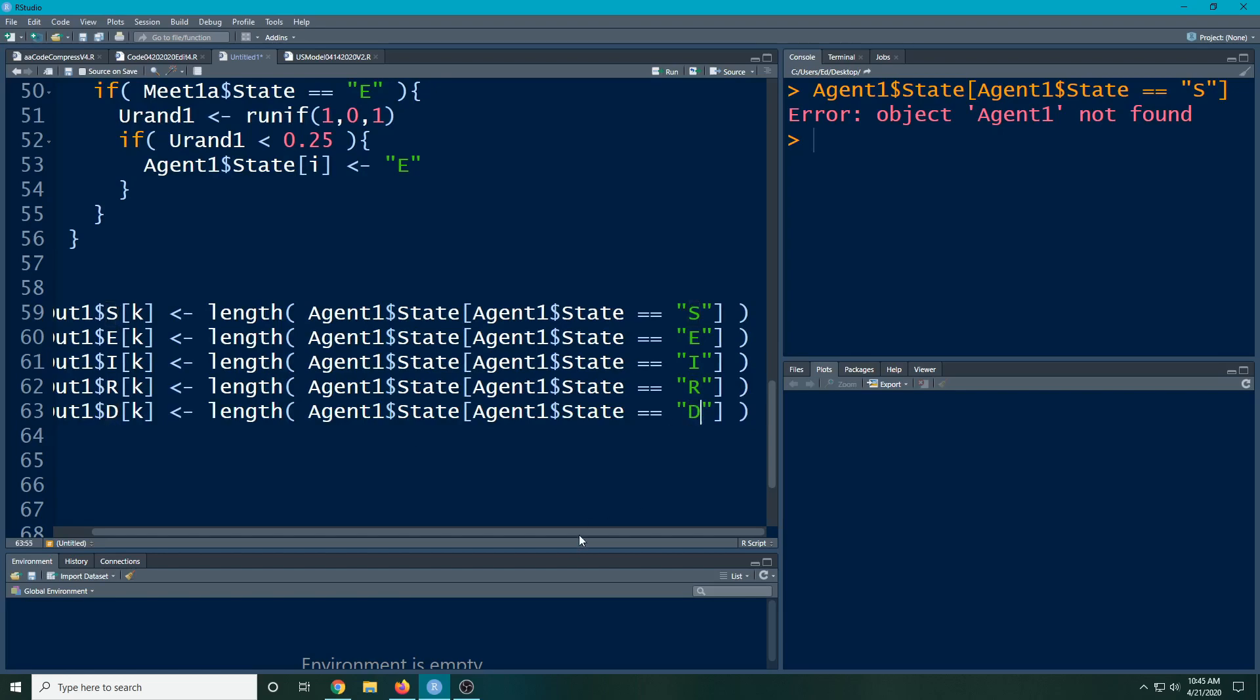Now what this will do is populate for each row in here what the value of S is, what the value of E is, I is, R is, and D is. If there is no value, it'll just give it the value of zero. This will be really handy because right now we don't have anything other than that.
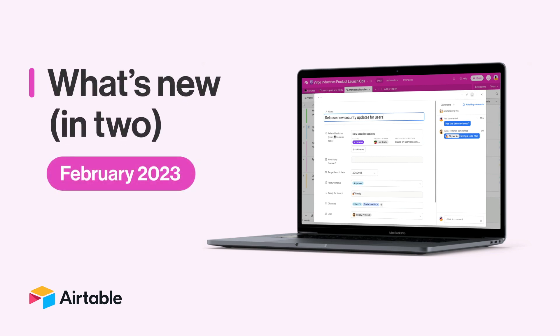Reporting from February, this is Taylor from Airtable. We're kicking off this month with some just-shipped features to help you move faster and get more done, together with your team, of course. It's time for What's New in Two.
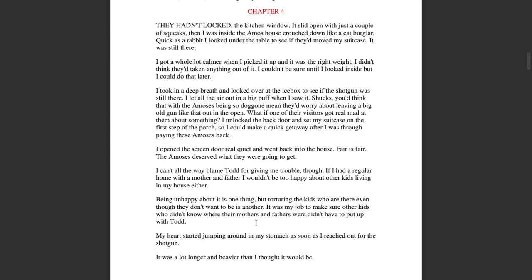I took in a deep breath and looked over at the icebox to see if the shotgun was still there. I let all the air out in a big puff when I saw it. Shucks. You'd think with the Amos' being so doggone mean, they'd worry about leaving a big old gun like that out in the open. What if one of their visitors got real mad at them about something? I unlocked the back door and set my suitcase on the first step of the porch so I could make a quick getaway after I was through paying the Amos' back.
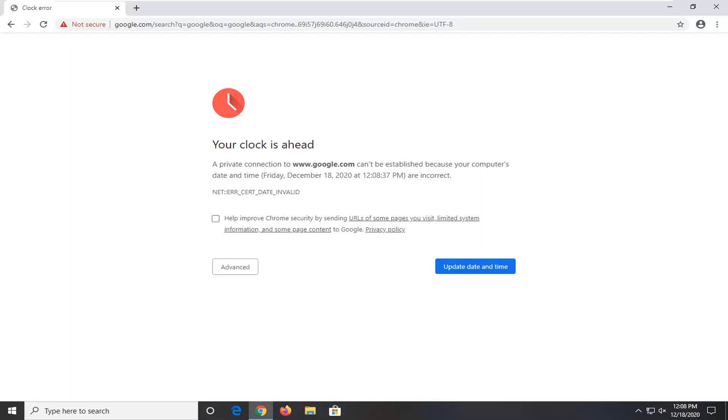In today's tutorial I'm going to show you guys how to resolve if you're coming across a Google Chrome error that says that your clock is ahead and a connection cannot be established because your computer's date and time is incorrect.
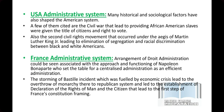Let's talk about France. We studied droit administration when we covered administrative tribunals and delegated legislation. Droit administration means separate law for civil servants and for ordinary citizens. Where did it originate? Napoleon Bonaparte — it has been running from his time. The arrangement of droit administration is associated with the approach and functioning of Napoleon Bonaparte, who set the table for centralized administration as an efficient administration.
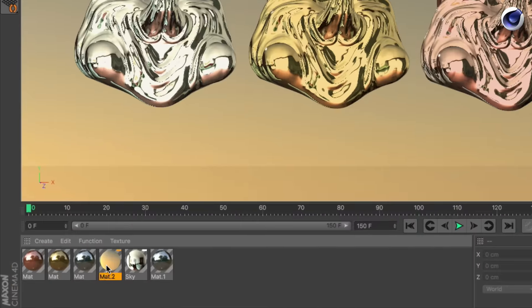If you select a material, you can see there's a stripe at the upper right corner. The orange stripe indicates the selected material, and others with a white stripe have the exact same reflectance channel layer setup, so you can multi-edit or edit them simultaneously.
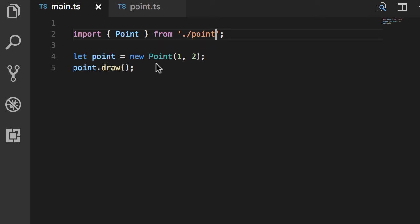There is a lot more to talk about when it comes to modularity in TypeScript, but that's all you need to know for now in order to start building applications with Angular.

========================

_WHAT IS REQUIRED_. The expected answer is the whole listing above, copied exactly, with images excluded.

_ANSWER FOR THIS EXERCISE_.
Now what this will do is populate for each row in here what the value of S is, what the value of E is, I is, R is, and D is. If there is no value, it'll just give it the value of zero. This will be really handy because right now we don't have anything other than that.
Reporting from February, this is Taylor from Airtable. We're kicking off this month with some just-shipped features to help you move faster and get more done, together with your team, of course. It's time for What's New in Two.
I took in a deep breath and looked over at the icebox to see if the shotgun was still there. I let all the air out in a big puff when I saw it. Shucks. You'd think with the Amos' being so doggone mean, they'd worry about leaving a big old gun like that out in the open. What if one of their visitors got real mad at them about something? I unlocked the back door and set my suitcase on the first step of the porch so I could make a quick getaway after I was through paying the Amos' back.
In today's tutorial I'm going to show you guys how to resolve if you're coming across a Google Chrome error that says that your clock is ahead and a connection cannot be established because your computer's date and time is incorrect.
Let's talk about France. We studied droit administration when we covered administrative tribunals and delegated legislation. Droit administration means separate law for civil servants and for ordinary citizens. Where did it originate? Napoleon Bonaparte — it has been running from his time. The arrangement of droit administration is associated with the approach and functioning of Napoleon Bonaparte, who set the table for centralized administration as an efficient administration.
If you select a material, you can see there's a stripe at the upper right corner. The orange stripe indicates the selected material, and others with a white stripe have the exact same reflectance channel layer setup, so you can multi-edit or edit them simultaneously.
There is a lot more to talk about when it comes to modularity in TypeScript, but that's all you need to know for now in order to start building applications with Angular.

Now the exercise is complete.